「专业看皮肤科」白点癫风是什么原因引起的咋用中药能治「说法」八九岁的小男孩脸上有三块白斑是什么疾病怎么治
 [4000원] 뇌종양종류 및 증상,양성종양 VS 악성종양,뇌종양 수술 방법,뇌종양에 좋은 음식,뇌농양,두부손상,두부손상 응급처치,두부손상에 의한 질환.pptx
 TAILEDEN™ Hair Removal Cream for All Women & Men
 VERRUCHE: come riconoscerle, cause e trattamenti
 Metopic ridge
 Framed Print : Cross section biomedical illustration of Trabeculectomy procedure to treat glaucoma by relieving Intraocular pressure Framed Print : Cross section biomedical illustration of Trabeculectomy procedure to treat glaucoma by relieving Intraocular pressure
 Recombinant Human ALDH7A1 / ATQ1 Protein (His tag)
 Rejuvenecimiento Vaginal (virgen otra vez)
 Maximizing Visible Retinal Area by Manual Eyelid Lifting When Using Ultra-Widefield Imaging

################

> _WORK ITEM_
The required answer is the line with "TAILEDEN™ Hair Removal" plus every line after it to the end of the entries above, transcribed exactly.

> _ANSWER TO THE EXERCISE_
 TAILEDEN™ Hair Removal Cream for All Women & Men
 VERRUCHE: come riconoscerle, cause e trattamenti
 Metopic ridge
 Framed Print : Cross section biomedical illustration of Trabeculectomy procedure to treat glaucoma by relieving Intraocular pressure Framed Print : Cross section biomedical illustration of Trabeculectomy procedure to treat glaucoma by relieving Intraocular pressure
 Recombinant Human ALDH7A1 / ATQ1 Protein (His tag)
 Rejuvenecimiento Vaginal (virgen otra vez)
 Maximizing Visible Retinal Area by Manual Eyelid Lifting When Using Ultra-Widefield Imaging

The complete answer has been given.